Yes. This should not be confused with "cross" position (2nd
position) on diatonic harmonicas. The common terms for the two most
common types of slider design are "straight tuned" or "short-stroke"
for one type and "cross tuned" or "long-stroke" for the other as
Winslow described. Try this page for more information and best of
all some pictures:
http://www.patmissin.com/ffaq/q32.html'
Winslow wrote:
"Some players feel that wider holes give bigger tone"
To which you responded:
"This is what I'm looking for."
But you seem to have missed the main thrust of Winslow's point when
he wrote that. Indeed, this is the entirety of what he wrote on tone
and slider design:
"Some players feel that wider holes give bigger tone (personally, I
find no difference, and I always go for a full, loud sound). "
He wasn't agreeing with the idea that wider holes make for a "bigger"
tone, rather disagreeing with it. And I agree with Winslow on this.

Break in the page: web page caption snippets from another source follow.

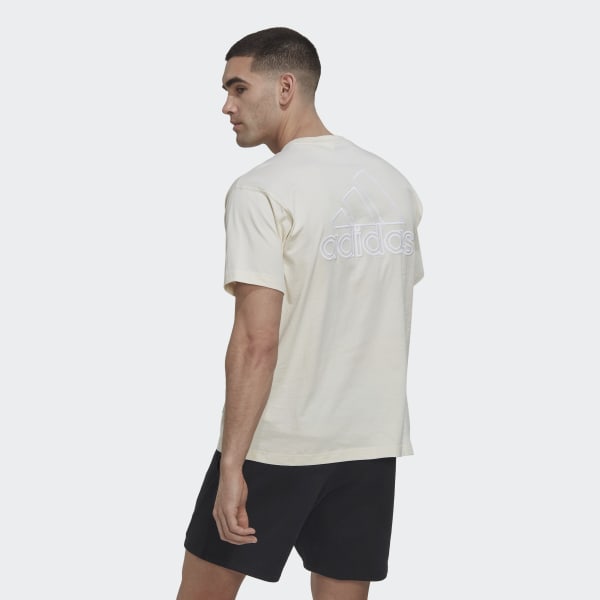 Beige Big Badge of Sport T-Shirt – Genderneutral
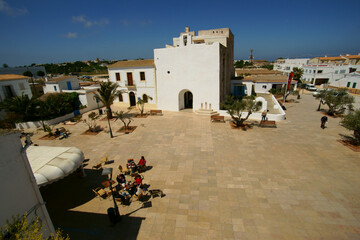 Iglesia de Sant Francesc Xavier (s.XVIII).Formentera.Islas Pitiusas.Baleares.España.
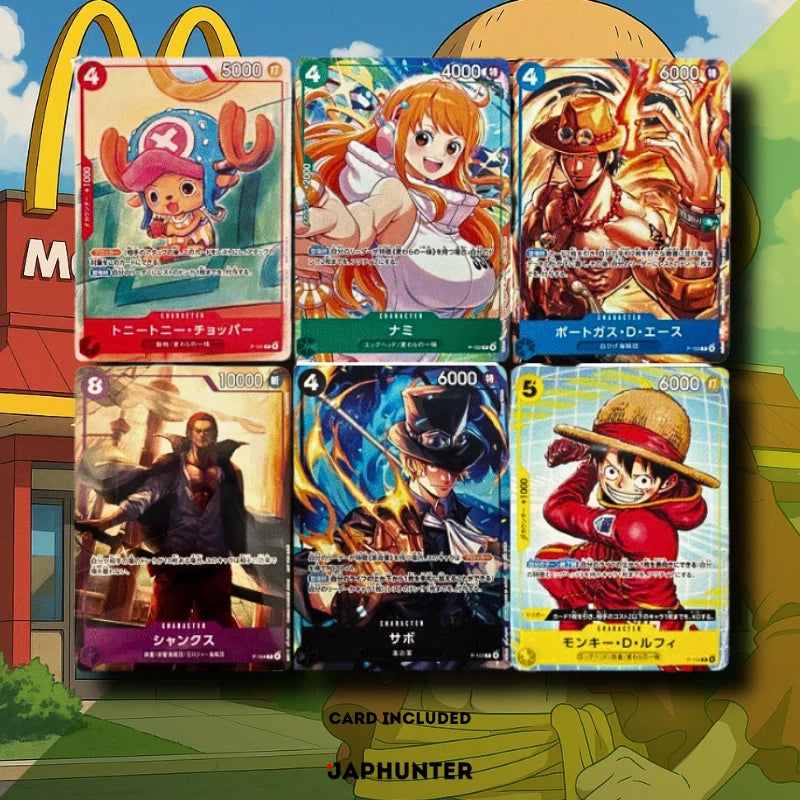 One Piece TCG McDonald’s 2025 Booster – Japanese Limited Edition | 6 Exclusive Cards
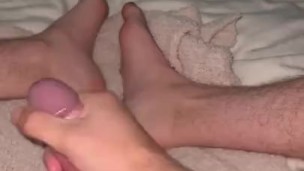 Cumming after edging my thick cock for days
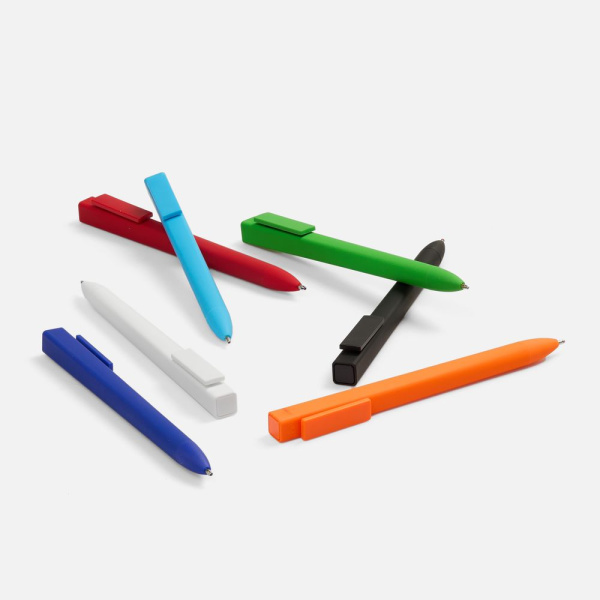 Ручка шариковая Swiper SQ Soft Touch, оранжевая, 14,5x1,1 см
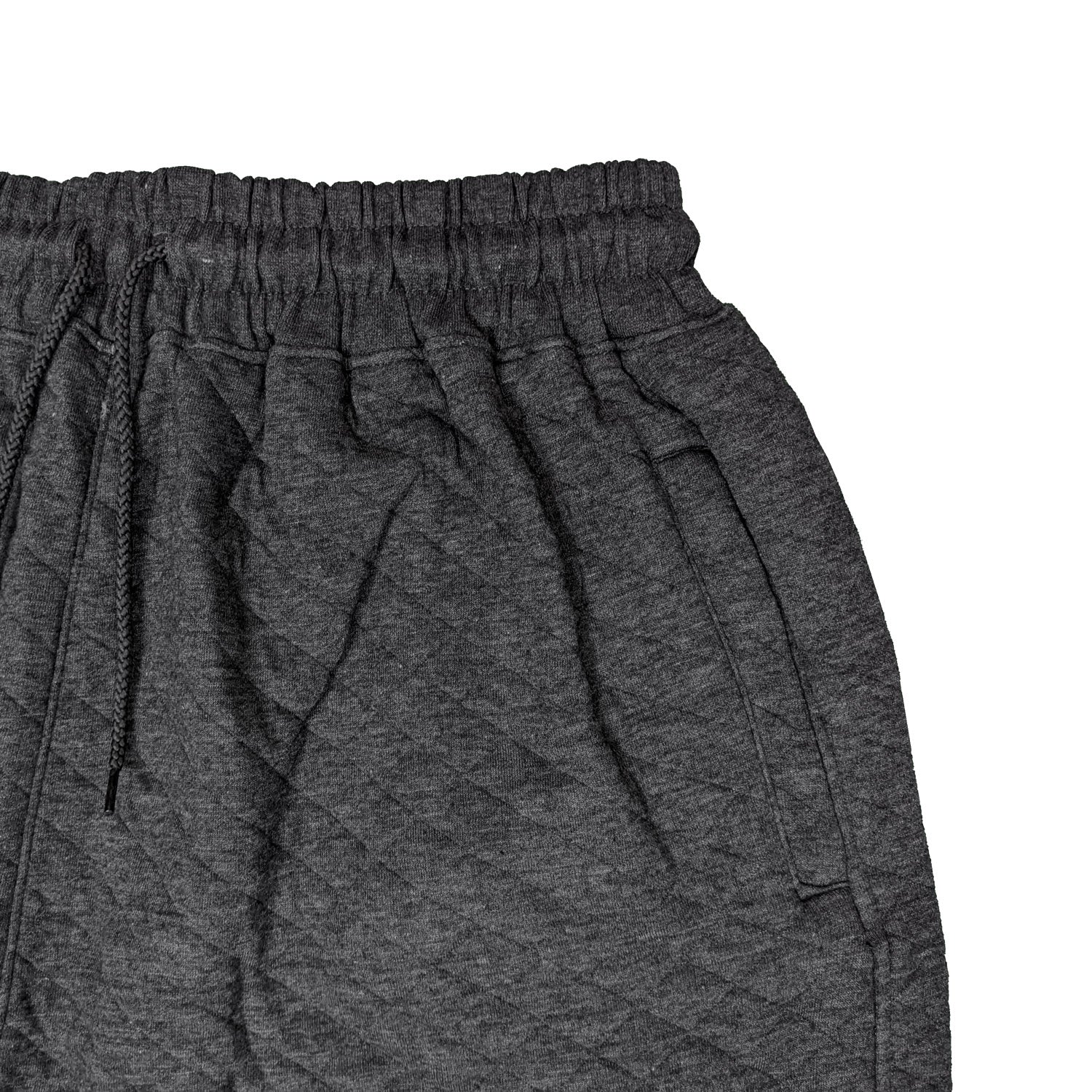 Kam Quilted Jersey Joggers - KBS 238 - Charcoal 2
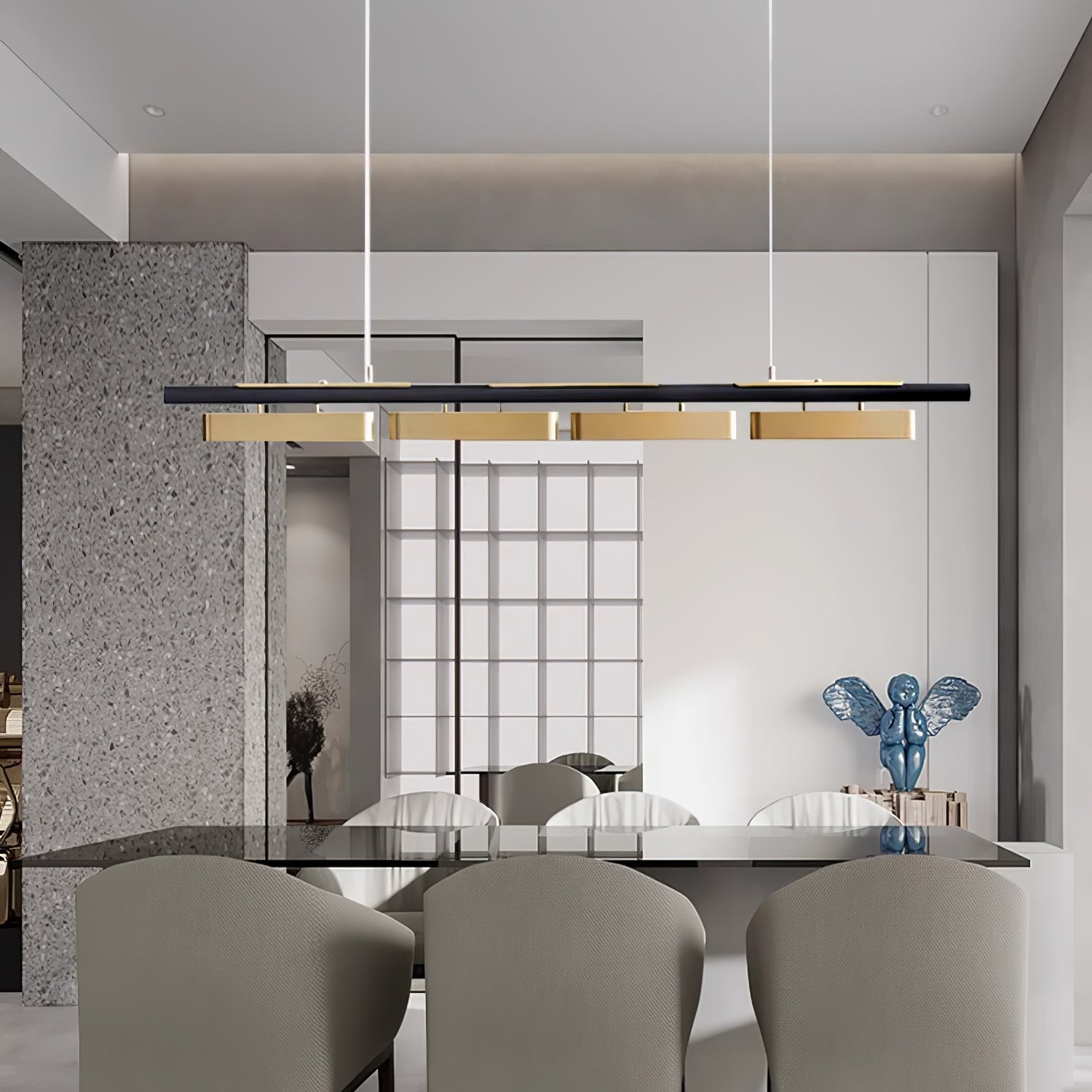 Liorent Brass Minimalist Pendant Light-Neutral Decor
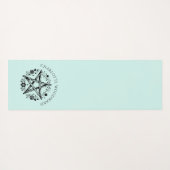 Personalized Nature Floral  ヨガマット (裏面(横))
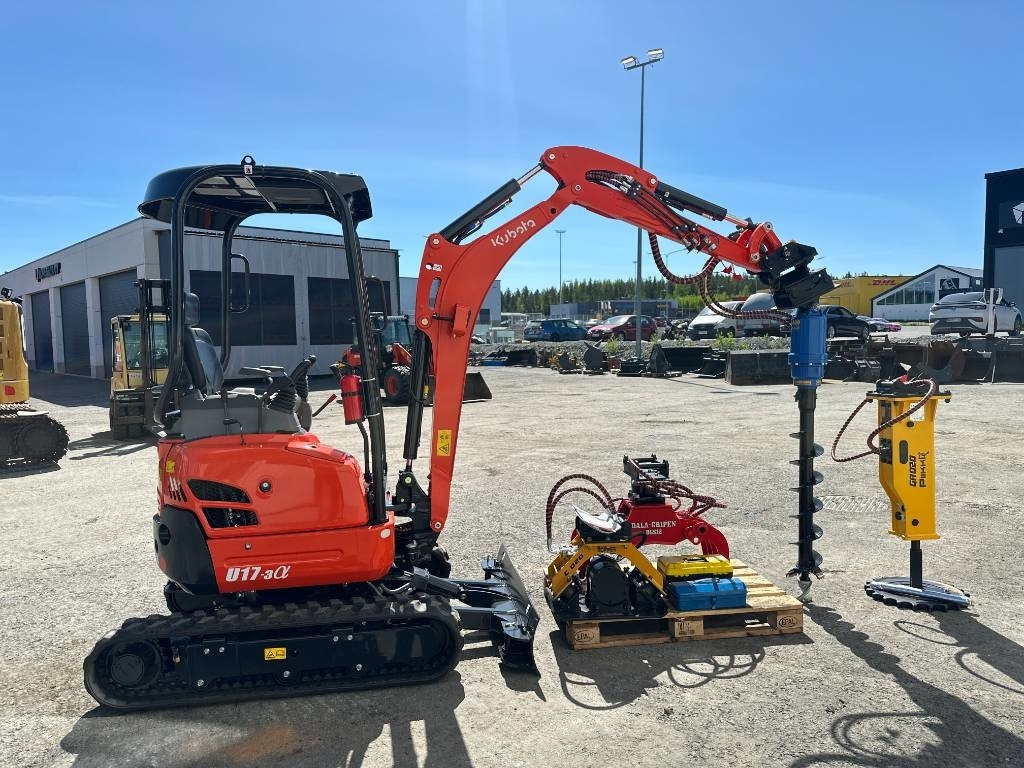 Kubota U 17-3 uusi Varustelupaketilla - Miniexcavadora: foto 5 Kubota U 17-3 uusi Varustelupaketilla - Miniexcavadora: foto 5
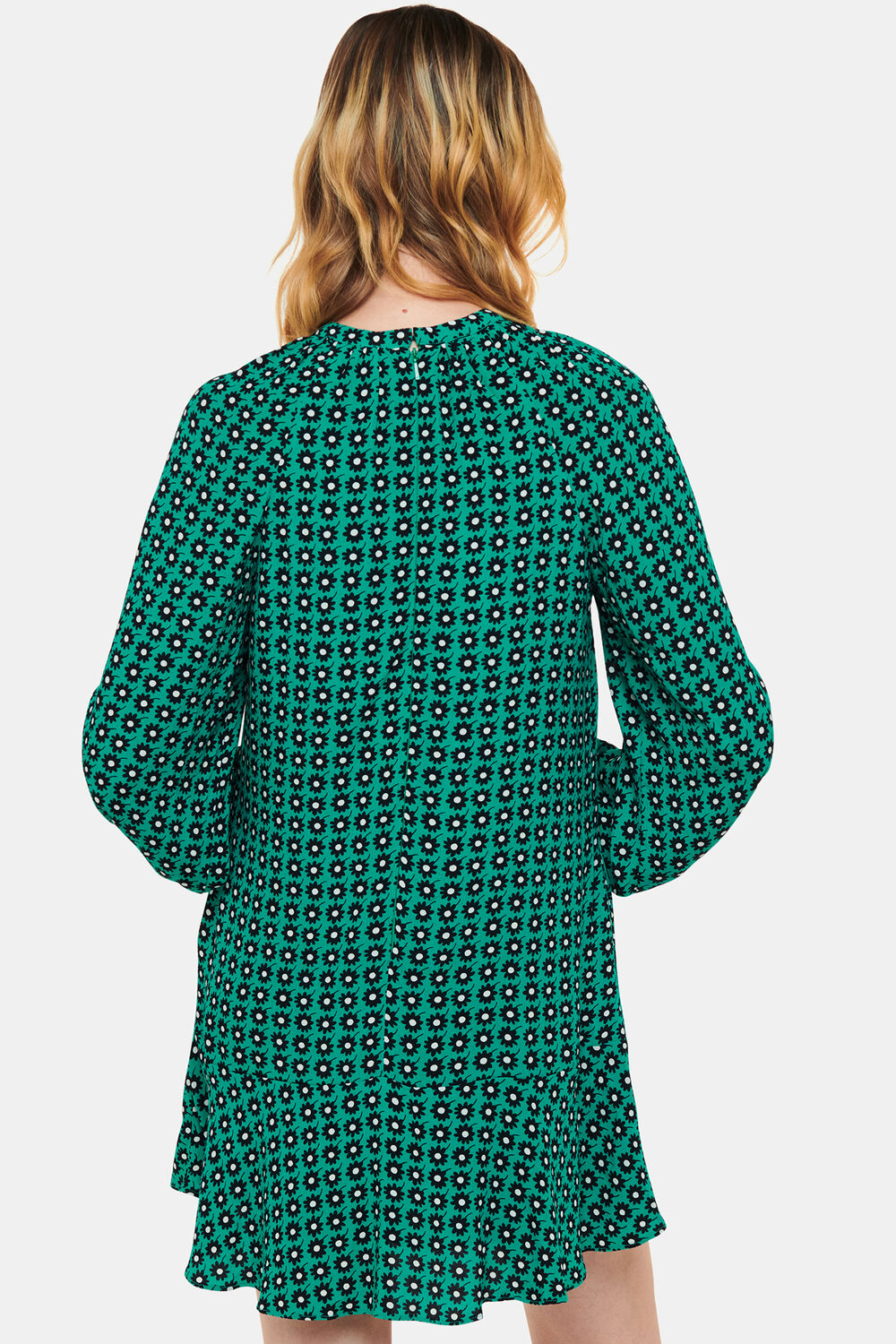 Floral Dot Flippy Dress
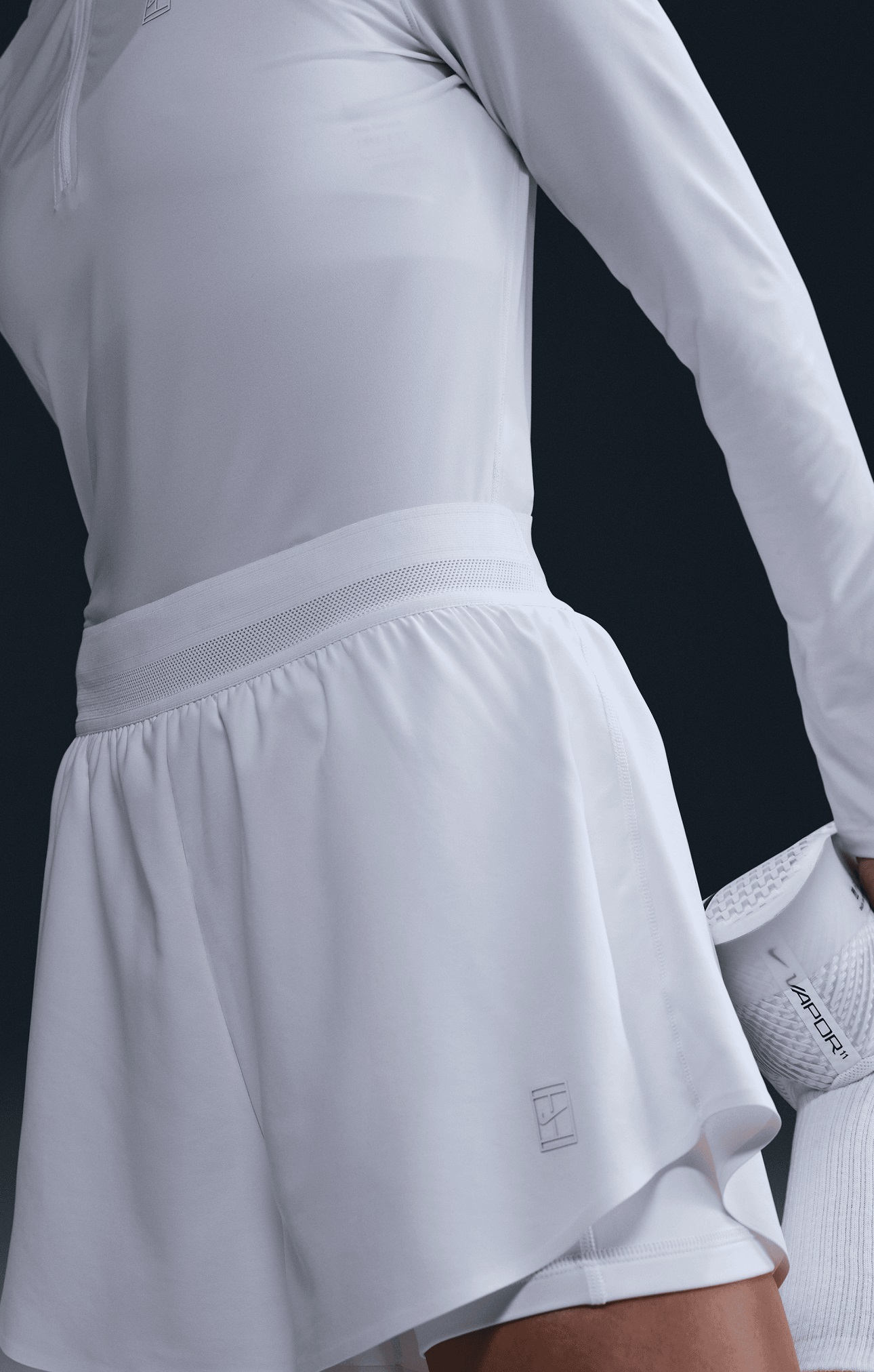 NikeCourt Ace Advantage Dri-FIT Kadın Tenis Şortu Beyaz - 5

I don't think that wider holes do much of anything for the tone or
similar in a chromatic harmonica. The amount of air the reeds need
to properly operate is sufficient in straight tuned sliders. Hole
size in wind instruments such as the harmonica is an interesting
area. Too small a hole will create winding issues which can be
easily noticed. But, once the hole is large enough, then increasing
hole size has no effect. I believe that the size of the straight
tuned slider hole is already large enough, and so increasing this as
in the cross-tuned design has no effect. At least for reeds the
pitch and scale found in chromatic harmonicas.